Approximately 15 inches of badly needed rain fell in drought-stricken West Marin during the past week, with much of it falling last weekend.

Although the rain flooded numerous roadways, including sections of Highway 1, roughly 50 people showed up at Tomales Regional History Center Sunday to hear Jacoba Charles and me read a few selections from our book, The Light on the Coast: 65 Years of News Big and Small as Reported in The Point Reyes Light.

In December, the History Center published the book, which draws upon news coverage in The Light to tell the post-World War II “history of West Marin’s lively little towns and their Pulitzer Prize-winning weekly newspaper.”

Jacoba and I looked through more than 3,300 back issues in choosing representative selections of writing, photography, and political cartoons to include in the book. We then wrote background narratives for many of the news stories.

The crowd filled the History Center’s conference room, where awards and other mementos from the newspaper’s past were on display. After our readings, Jacoba and I signed copies of the book while directors of the History Center served refreshments. (Photos by Lynn Axelrod)

Jacoba started the readings with Wilma Van Peer’s 1998 account of working for the paper’s founders, Dave and Wilma Rogers, half a century earlier. Mrs. Van Peer described Dave as a “little man” with a “nose for news” who liked to “tease” people.

The Light, which was called The Baywood Press for its first 18 years, has had 10 sets of owners in the past 65 years. I published the paper for 27 of those years and wrote the chapters covering news from the first eight ownerships.

Jacoba reported for The Light during its previous ownership and is on the paper’s board of directors under today’s owner, Marin Media Institute. She compiled the chapters dealing with news coverage under the last two sets of publishers.

I unexpectedly found myself getting choked up while reading aloud an item from a June 22, 1950, column of social news:

“Mr. and Mrs. Anton Kooy and sons Peter, 13 years, and Walter, 11 years, have arrived at Blake’s Landing ranch from Amsterdam, Holland. They have come to join their friends Herbert Angress and Bill Straus, and Anton is going into business with Bill and Herbert. The Kooys will live at the Clark home, which the Harold Johnstones now occupy, near Marshall.

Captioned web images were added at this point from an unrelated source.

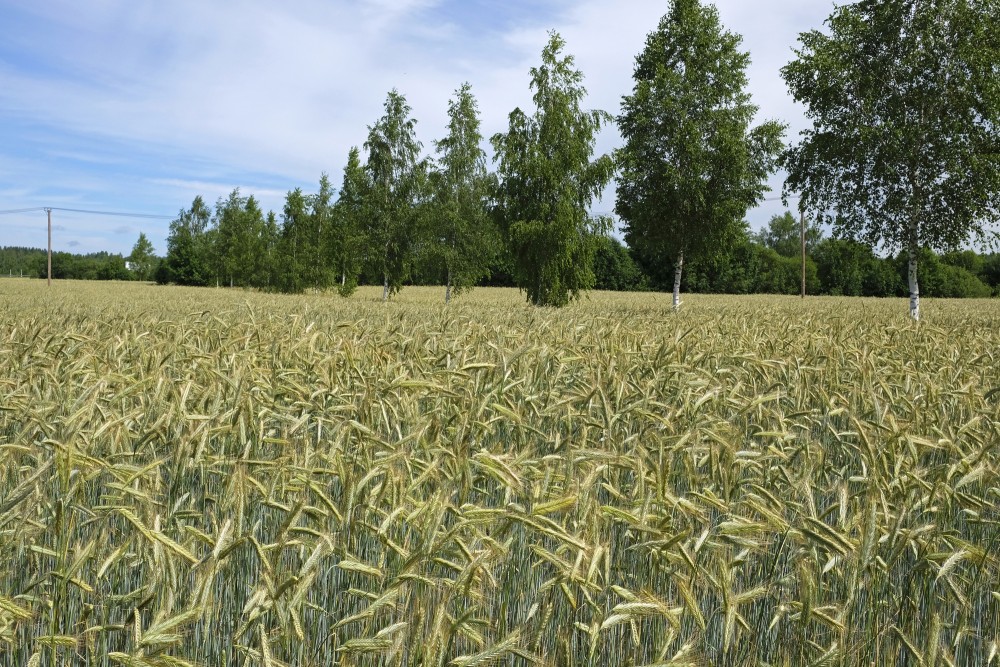 Birches in the Rye Field
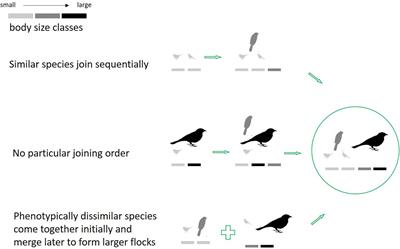 Phenotypic Clumping Decreases With Flock Richness in Mixed-Species Bird Flocks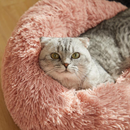Caminha Nuvem para Pets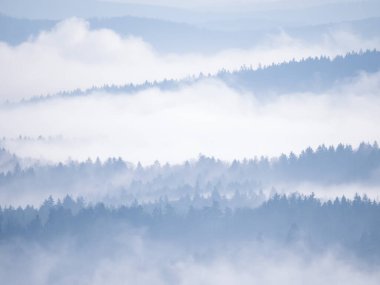 Stunning views of multi-layered forested hilly landscape created by winter mist. Silhouettes of forest treetops peeking through layers of mist in wintertime. Majestic winter view at the countryside.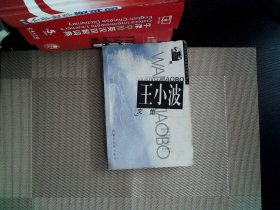 王小波文集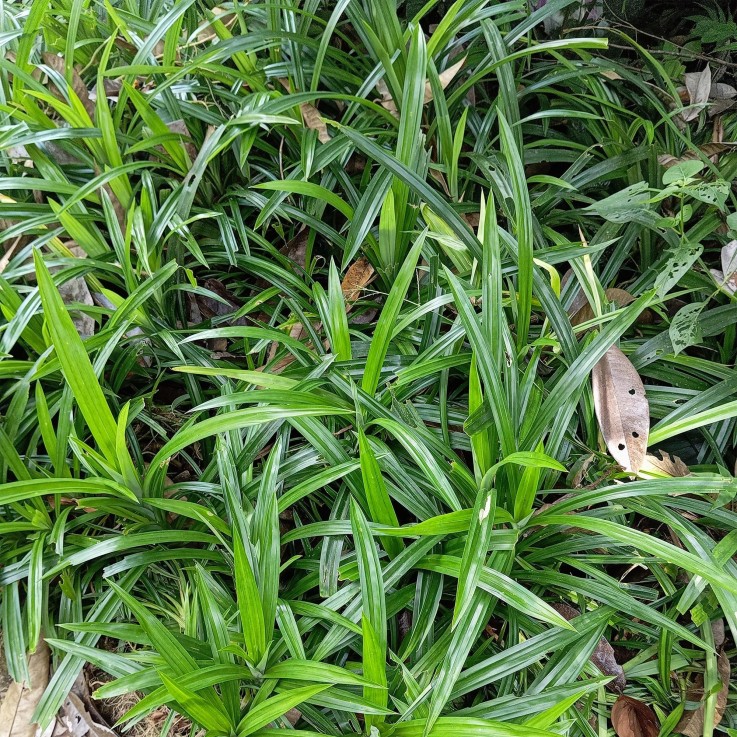 Carex morrowii Irish Green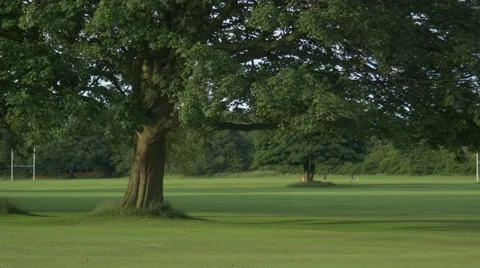 Tree Branch Green Park 動画素材 56852410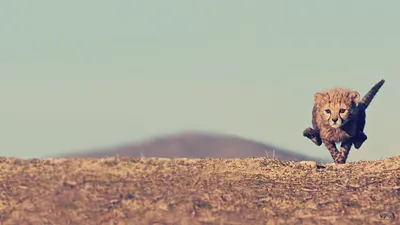 Cheetah Sprinting Across Barren Nature Wallpaper 4K 1920x1080 Hd, Wallpaper, Of, A, Cheetah, Sprinting, Across, Barren, Landscape, Soft-focus, Mountain, Captured, Gray, Ultrawide, Full HD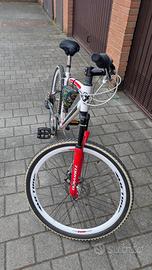 MTB Torpado 26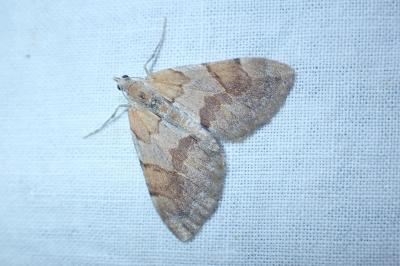 Corythée pectinée 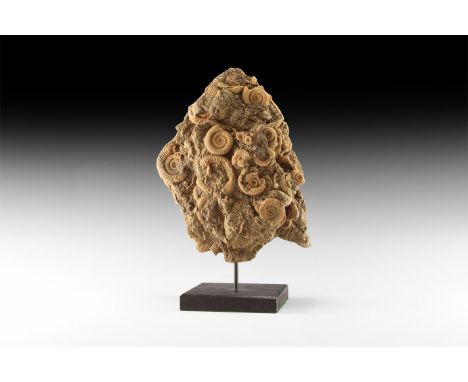 Lower Jurassic Period, 172 million years BP. A large group of Dactylioceras sp. ammonites in matrix; presented on a custom-ma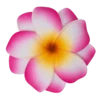 Medium Double Plumeria Clip: Pink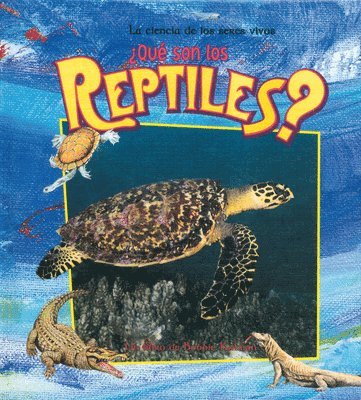 Que son los Reptiles?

“During the last war, Mr. and Mrs. Kooy took Herbert Angress in to stay with them, thus saving his life from the Nazis. The two boys will be attending the Tomales schools, Peter being of high school age.”

While reading this short item to the crowd, I was once again struck by the horrendous danger in which Herb Angress had found himself and by the Kooy family’s heroism in putting themselves at risk to shelter him. Then, five years after World War II ended, they followed him to West Marin.

What choked me up was the sudden realization that when this potentially tragic drama came to a happy ending in Marshall, it made West Marin seem like part of a wartime miracle.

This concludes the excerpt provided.